Problem description:
Could you transcribe every record below exactly as written, leaving out any pictures?

------ Supplied records ------

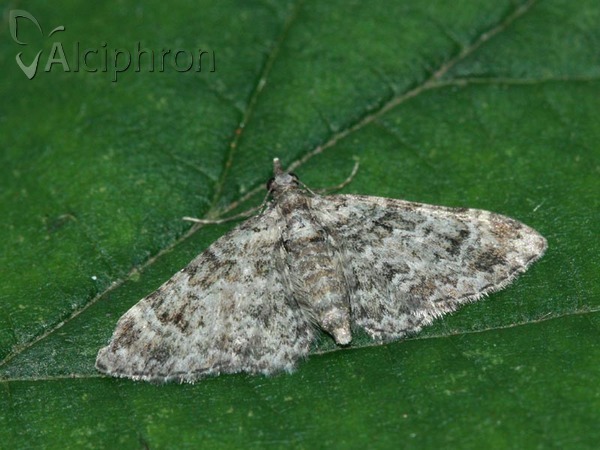Pasiphila rectangulata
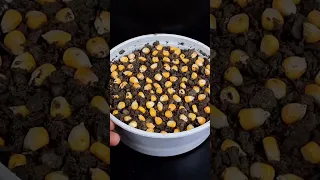 How to grow sweet corn in container from seed#Shorts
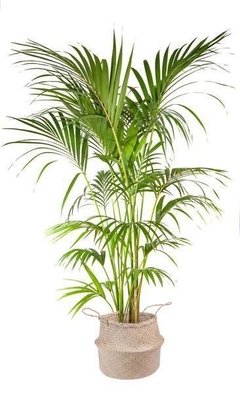Palmera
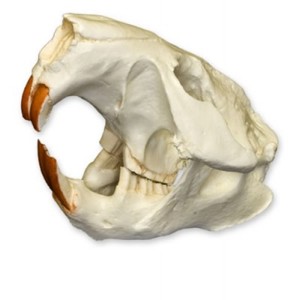 American Beaver Skull American Beaver Skull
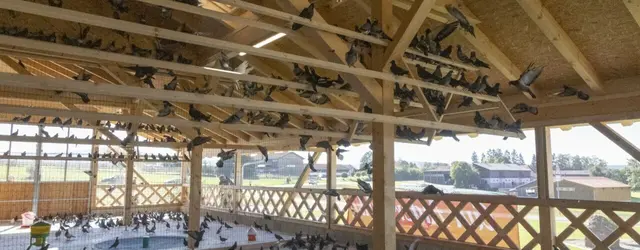 Gut Aiderbichls Taubenhaus in Eslarn. | Foto: Gut Aiderbichl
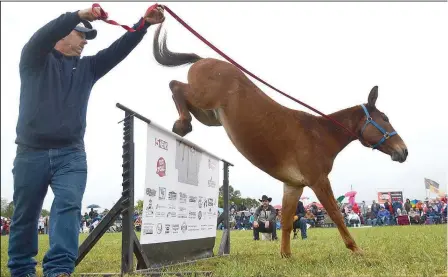  ?? ?? It is heels up as this mule clears the jump in a previous Pea Ridge Mule Jump. This year’s event, the 32nd annual, will begin at 9 a.m. Saturday in the field north of City Hall on Weston Street in Pea Ridge.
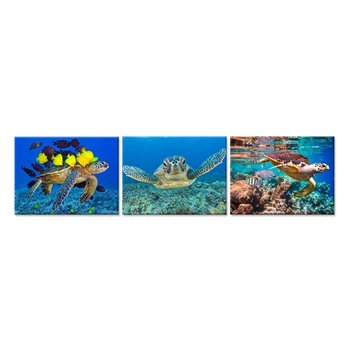 3 Pieces diamond painting Blue Sea Turtles Swimming Underwater In Deep Ocean full square Round drill diamond embroideryZP-2518
3 Pieces diamond painting Blue Sea Turtles Swimming Underwater In Deep Ocean full square Round drill diamond embroideryZP-2518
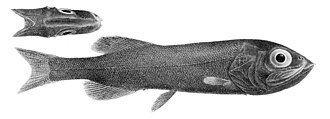ภาพ ปลา koefoedi (Searsia koefoedi)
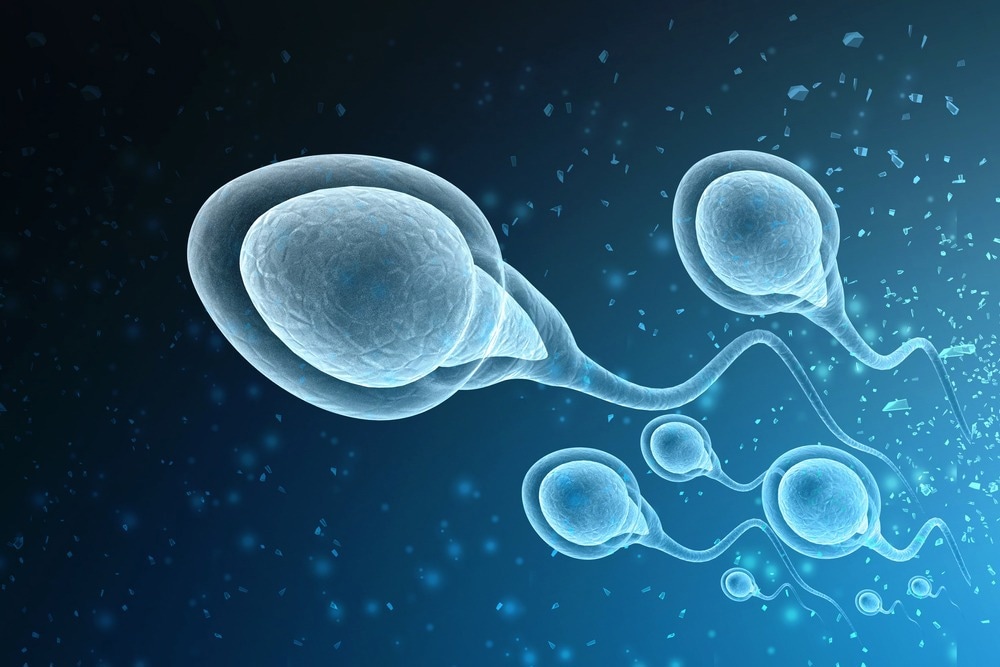 human sperm and egg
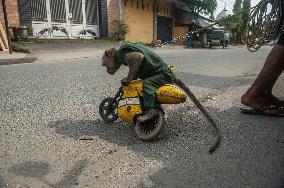 Street Monkey Mask Circus In Indonesia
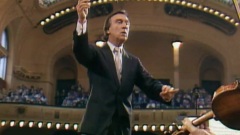 Symphony No.35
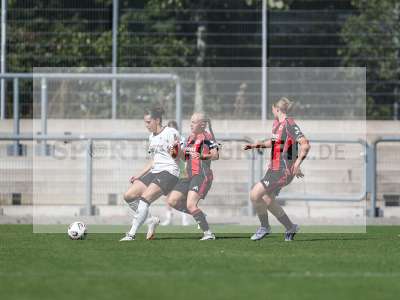 Bild-ID: 2503933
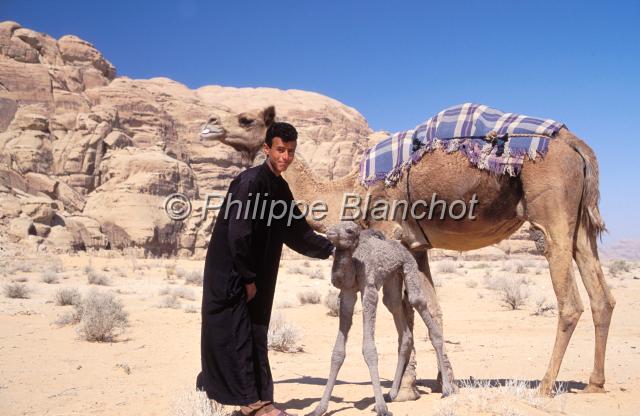 jordanie 04.JPG - Jeune Bédouin et ses dromadairesDésert du Wadi Rum, Jordanie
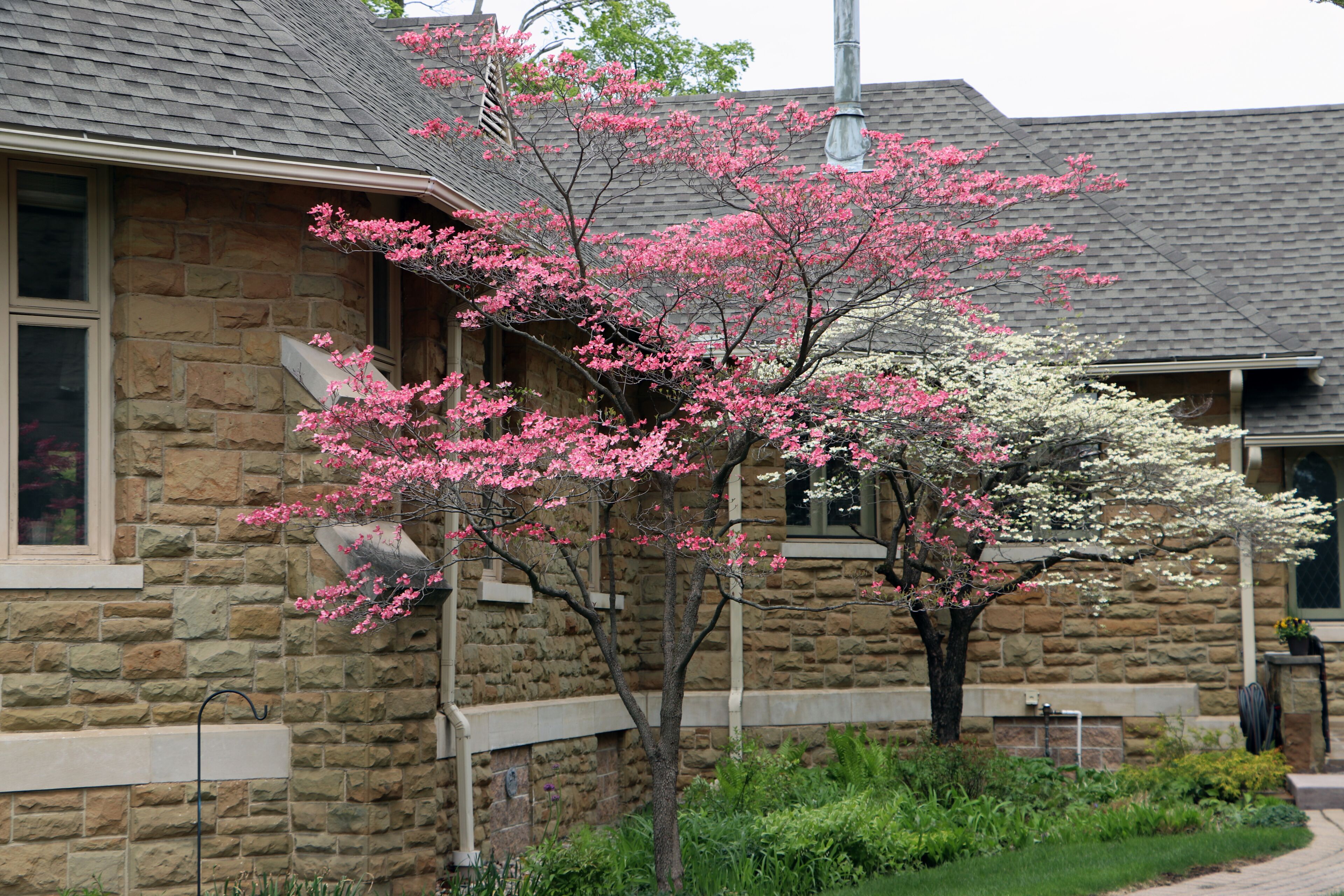 Scenic spring view of blooming dogwood trees in Marshall Michigan
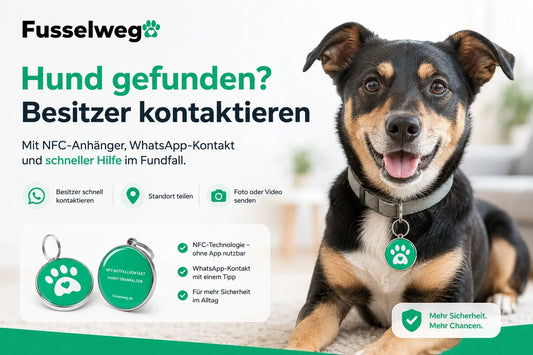 Hund gefunden – Besitzer kontaktieren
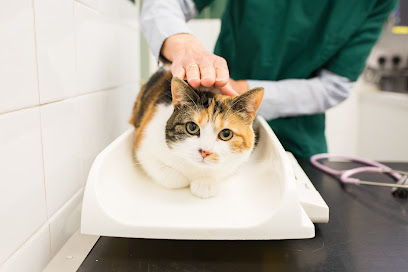Market Veterinary Centre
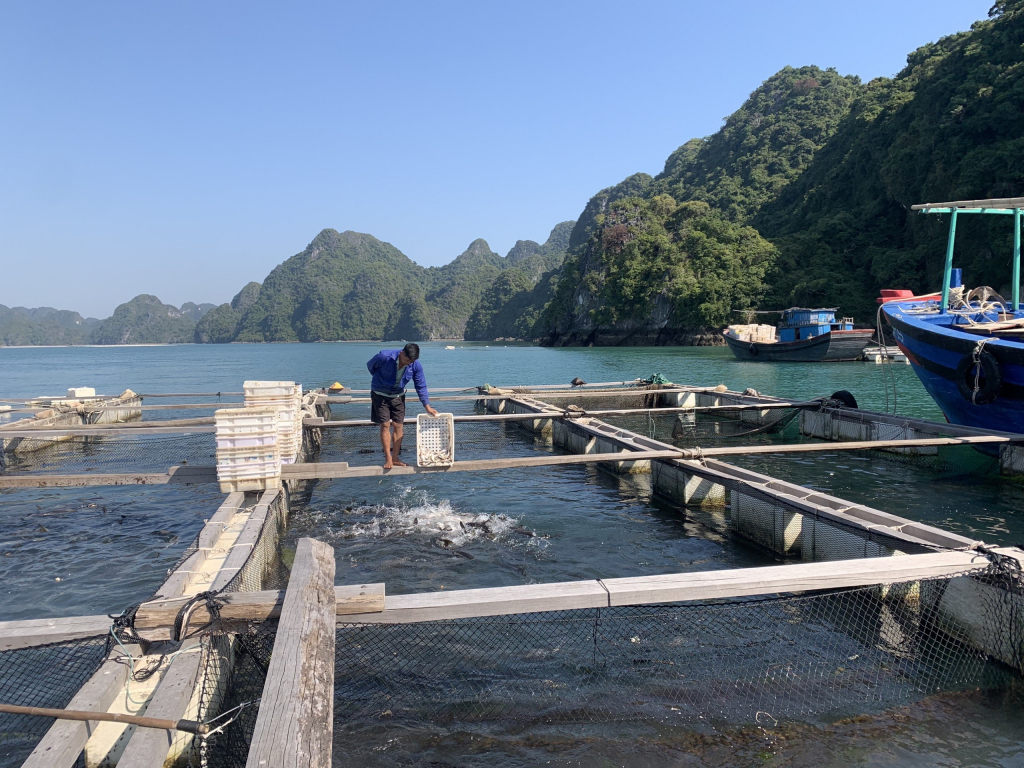 Mô hình nuôi cá song của hộ dân huyện Vân Đồn.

------

Result for this exercise:
Pasiphila rectangulata
 How to grow sweet corn in container from seed#Shorts
Palmera
 American Beaver Skull American Beaver Skull
 Gut Aiderbichls Taubenhaus in Eslarn. | Foto: Gut Aiderbichl
  ?? ?? It is heels up as this mule clears the jump in a previous Pea Ridge Mule Jump. This year’s event, the 32nd annual, will begin at 9 a.m. Saturday in the field north of City Hall on Weston Street in Pea Ridge.
 3 Pieces diamond painting Blue Sea Turtles Swimming Underwater In Deep Ocean full square Round drill diamond embroideryZP-2518
3 Pieces diamond painting Blue Sea Turtles Swimming Underwater In Deep Ocean full square Round drill diamond embroideryZP-2518
ภาพ ปลา koefoedi (Searsia koefoedi)
 human sperm and egg
 Street Monkey Mask Circus In Indonesia
 Symphony No.35
 Bild-ID: 2503933
 jordanie 04.JPG - Jeune Bédouin et ses dromadairesDésert du Wadi Rum, Jordanie
 Scenic spring view of blooming dogwood trees in Marshall Michigan
 Hund gefunden – Besitzer kontaktieren
Market Veterinary Centre
 Mô hình nuôi cá song của hộ dân huyện Vân Đồn.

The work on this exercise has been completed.